Tommy Rudkin

Personal information
- Full name: Thomas William Rudkin
- Date of birth: 16 June 1919
- Place of birth: Peterborough, England
- Date of death: 30 April 1969 (aged 49)
- Place of death: Wisbech, England
- Position(s): Winger

Youth career
- 193?–1938: Creswell

Senior career*
- Years: Team / Apps / (Gls)
- 1938–1938: Wolverhampton Wanderers / 0 / (0)
- 1938–1939: Lincoln City / 2 / (1)
- 1939–1946: Peterborough United / 44 / (0)
- 1943: → Lincoln City (war guest) / 1 / (0)
- 1944: → Hartlepool United (war guest) / 1 / (0)
- 1947–1947: Arsenal / 5 / (2)
- 1947–1949: Southampton / 9 / (0)
- 1949–1951: Bristol City / 34 / (4)
- 1951–1952: Hastings United / ? / (?)
- 1952–1953: Weston-super-Mare
- 1953: Peterborough United / 2 / (0)
- Total:  / 98+ / (7+)

Managerial career
- 1952–1953: Weston-super-Mare player-manager

= Tommy Rudkin =

English footballer

Thomas William Rudkin (16 June 1919 – 30 April 1969) was an English professional footballer who played as a left winger. He made 50 appearances in the Football League in the years before and after the Second World War.

==Career==

===Pre-war===
Born in Peterborough, Rudkin played for Creswell before joining Wolverhampton Wanderers as an amateur in February 1938 before moving to Lincoln City in May 1938.

===Wartime===
In the Second World War, Rudkin joined a tank regiment based at Catterick, before being sent to Germany

During the war, Rudkin had a number of spells with hometown club Peterborough United in the Midland League, as well as guest appearances for Lincoln City, Hartlepool United, Darlington, Southampton and Middlesbrough.

===Post-war===
After the war Rudkin played for Peterborough United in their pre-Football League days and joined First Division Arsenal in January 1947. He made five appearances for Arsenal during the 1946–47 season. Rudkin and George Curtis joined Southampton in exchange for Don Roper in August 1947 with Rudkin valued at £3,000. He made only a few sporadic appearances over the next two seasons before moving to Ashton Gate.

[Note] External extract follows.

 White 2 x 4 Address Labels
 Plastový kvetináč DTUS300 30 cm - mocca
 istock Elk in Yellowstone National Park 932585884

Bob Wright signed Rudkin for Bristol City in May 1949 from Southampton Rudkin made his debut for Bristol City at outside left in the opening fixture of Third Division South season in a 3–1 win over Northampton Town on 20 August 1949. Rudkin made 27 appearances scoring three goals in 1949–50 and a further seven appearances with one goal in 1950–51 as Bristol City languished in mid table. However, in 1951, Rudkin (with three appearances) helped the "Robins" to reach the fifth round of the FA Cup before losing 2–0 at Birmingham City.

Rudkin left Bristol City to join struggling Southern League club Hastings United in June 1951, but later returned to the south-west as player-manager of Weston-super-Mare before settling in his native Peterborough.

==Later career==
After retiring from football, he joined the Sunday Pictorial as a circulation agent and then became a steward at a Peterborough nightclub. Later, he became the licensee of the Angel Hotel, Wisbech where he collapsed suddenly and died, at age 49.